Every record below must come back exactly as written, with the images dropped.

_Dataset records:_

╭──

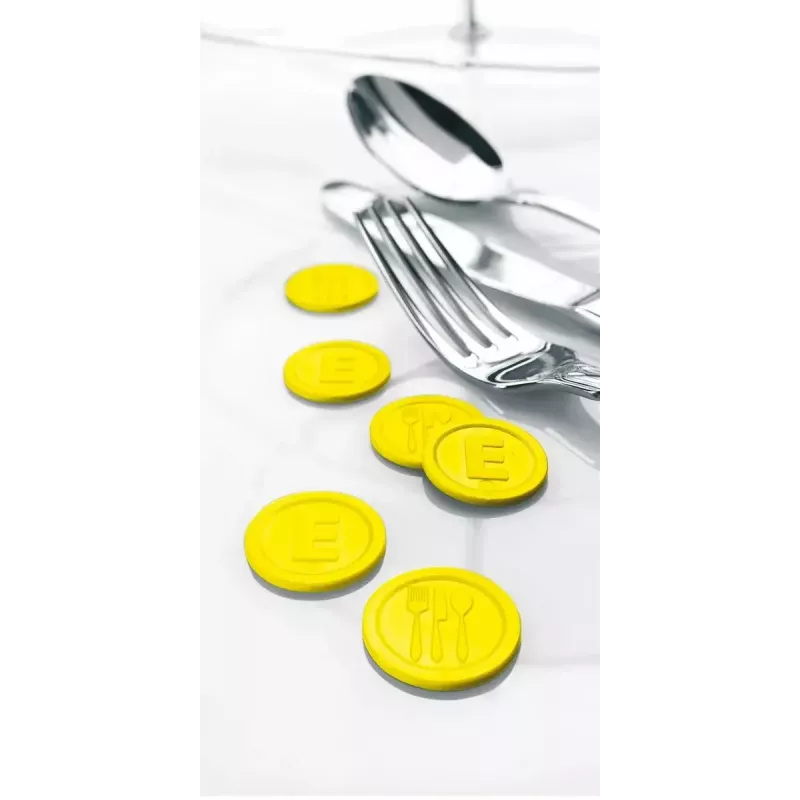 “SIGEL WM002” maitinimo/renginių žetonai, geltoni, 100 vnt.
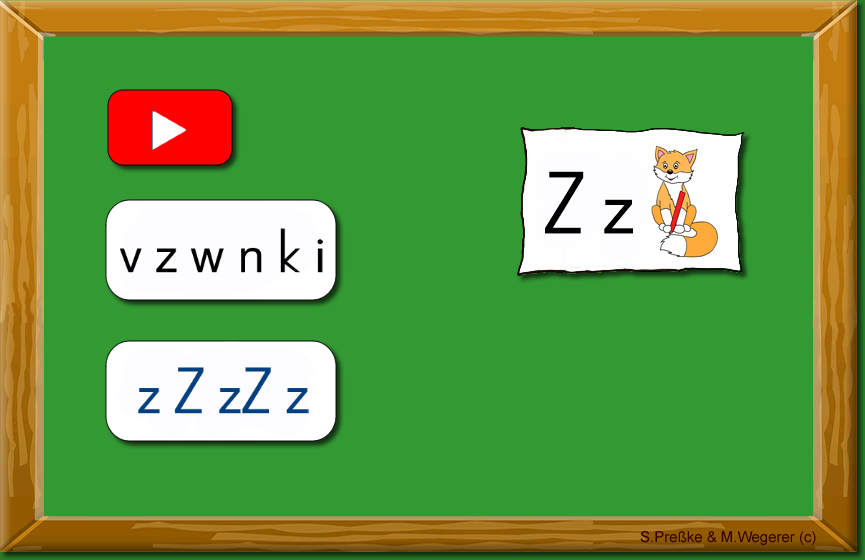 Druckschrift Z z lernen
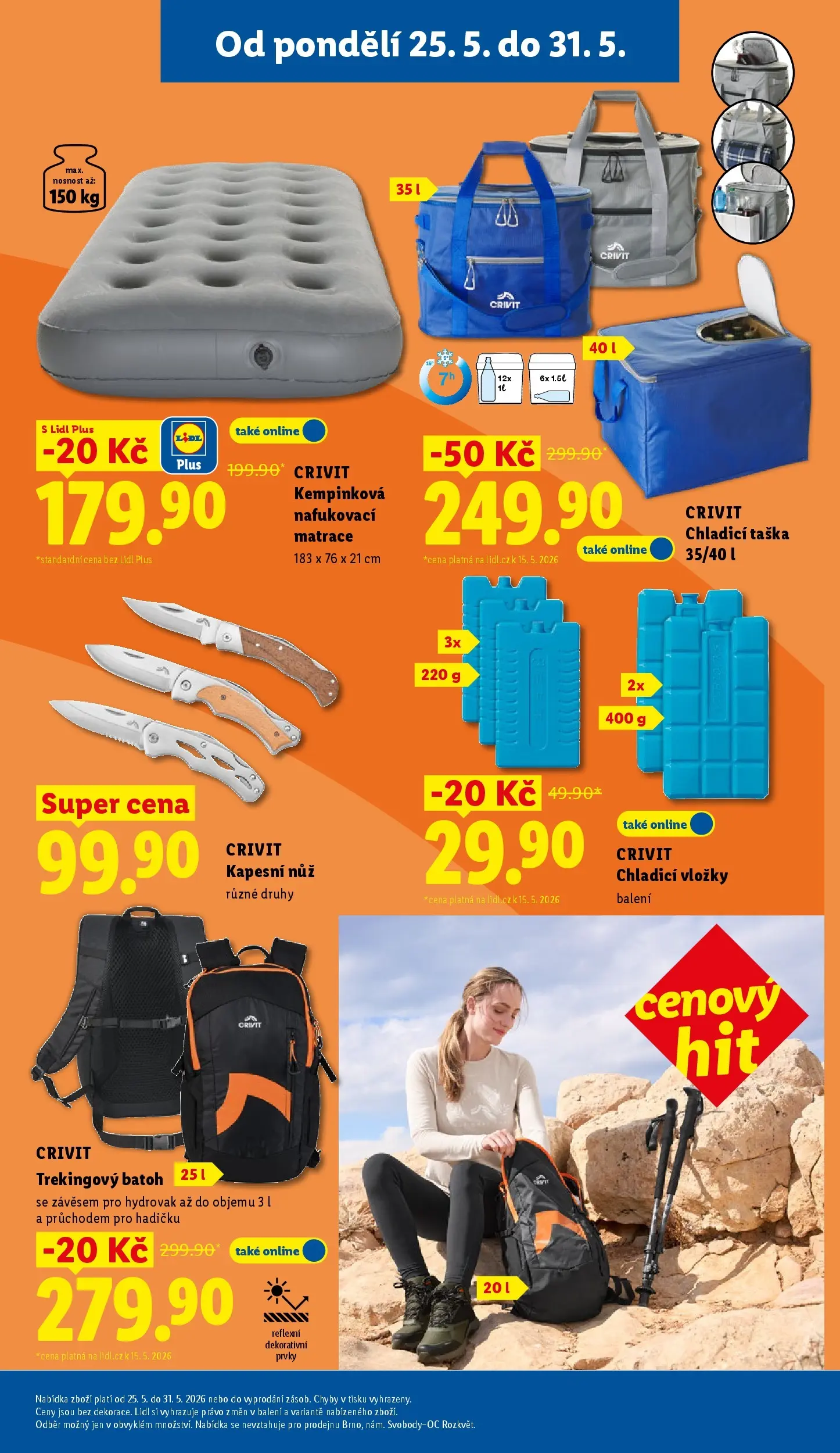 Lidl leták od 24.05.2026 - Nový akční leták | Strana: 41 | Produkty: Nafukovací matrace, Chladící taška, Nůž, Matrace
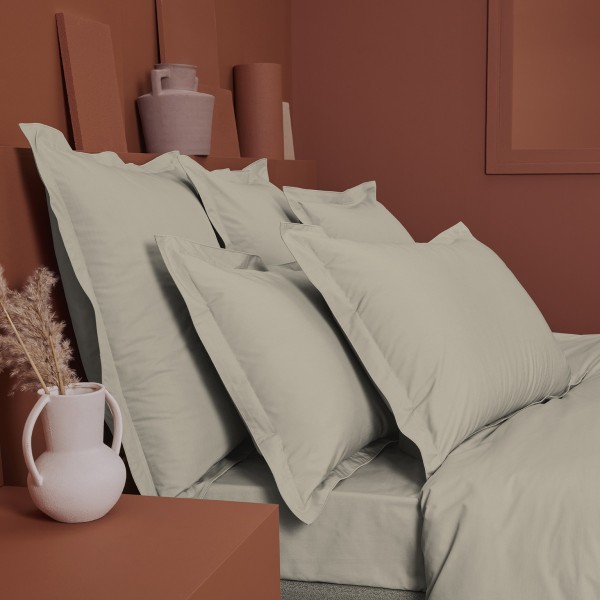 Garnier-Thiébaut - Tissu pour draps uni en percale de coton 80 fils/cm² La percale française Lin - Laize 288cm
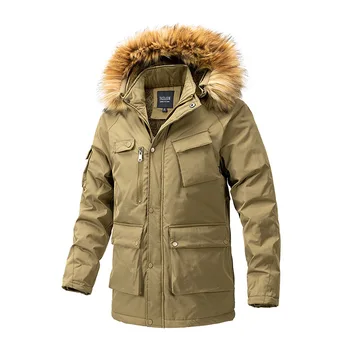 Зимно яке с много джобове, мъжки плюшен памучен парк, шапка, подвижни работни якета-карго, мъжки дрехи, обикновен плътен топло палто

╰──

_Solution for this exercise:_
 “SIGEL WM002” maitinimo/renginių žetonai, geltoni, 100 vnt.
 Druckschrift Z z lernen
 Lidl leták od 24.05.2026 - Nový akční leták | Strana: 41 | Produkty: Nafukovací matrace, Chladící taška, Nůž, Matrace
 Garnier-Thiébaut - Tissu pour draps uni en percale de coton 80 fils/cm² La percale française Lin - Laize 288cm
 Зимно яке с много джобове, мъжки плюшен памучен парк, шапка, подвижни работни якета-карго, мъжки дрехи, обикновен плътен топло палто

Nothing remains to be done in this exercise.